Part of the explanation for the collapse of any serious conflict-of-interest yardstick to restrain the mingling of party politics, personal business and the for-profit modification of U.S. foreign policy is simple. Back in the mid-1980s, the line between private industry, private financial bankrollers and foreign policy was dissolved in the Iran-Contra blueprint to aid the Nicaraguan rebels. Since then, Persian Gulf bankers and Washington consultants have become de facto assistant secretaries of state and assistant U.S. trade representatives. In 1987, leading members of Congress involved in the Iran-Contra investigation voiced fears about the dangers of the privatization of foreign policy. They were prophetic.

Further proof of the privatization pudding has since emerged in the central role that registered agents or lobbyists for foreign interests have played in the 1992 GOP presidential campaign. But not everyone was pleased. Buchanan ran TV commercials and made speeches criticizing Lake’s status as a lobbyist for various Japanese interests, while the firm of Charles Black, another senior Bush adviser, also has foreign clients. Buchanan’s campaign manager said, “Bush has Japanese foreign agents running his campaign, (and) a Panamanian agent running the Republican Party.”

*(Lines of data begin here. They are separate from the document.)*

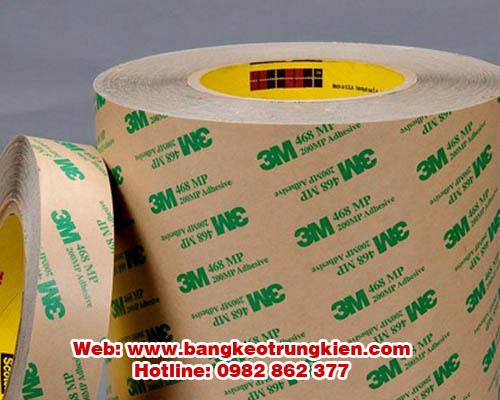 San-xuat-bang-keo-2-mat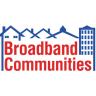 Broadband Communities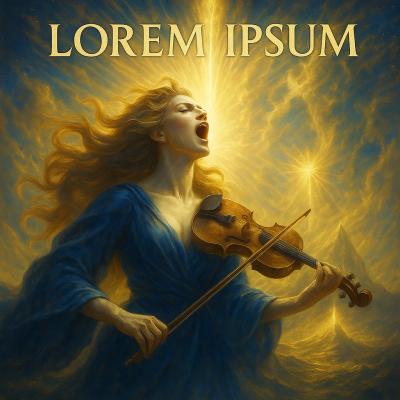 Epic Lorem Ipsum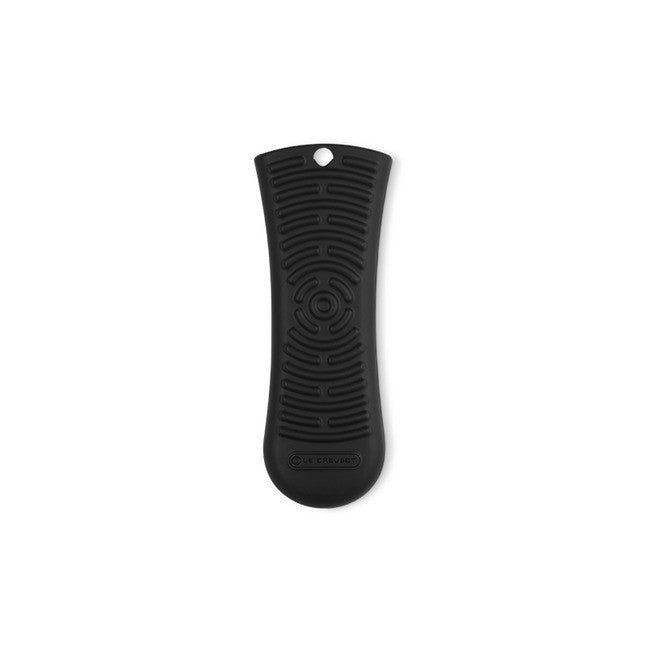 Le Creuset Cookware Cool Tool Handle Sleeve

No other major nation was so permissive, but old barriers had dissolved, and with them, old proprieties. In late February, another presidential candidate, Nebraska Sen. Bob Kerrey attacked the financial dealings of Bush and his family, noting that brother Prescott was “building a golf course” in China for the “butcher of Tien An Men Square,” and charging that Bush policy “is pretty closely tied to his own family interests.” In March, Perot, revealing his plans for a possible third-party presidential bid, spiced his anti-Washington rhetoric by proposing “a law making it a criminal offense for foreign companies or individuals to influence U.S. laws or policies with money.” Legislation like that would strike at the heart of both privatized foreign policy and Washington’s international influence bazaar. But Perot--the derring-do businessman who arranged for a commando raid into Iran to free two of his employees a decade ago--understands what Iran-Contra unleashed.

In a year of profound public disillusionment, the politics could be incendiary. Just as the House of Representatives’ check-bouncing scandal essentially represents Democratic institutional corruption--though 25%-30% of congressmen involved are Republicans--the executive branch’s moral breakdown on foreign-policy corruption and self-dealing is institutionally Republican--though a fair minority of Washington’s foreign agents and international consultants are Democrats.

If his eventual presidential rivals pick up the criticisms now beginning to swirl, Bush could find the 1992 foreign-policy debate turning ugly.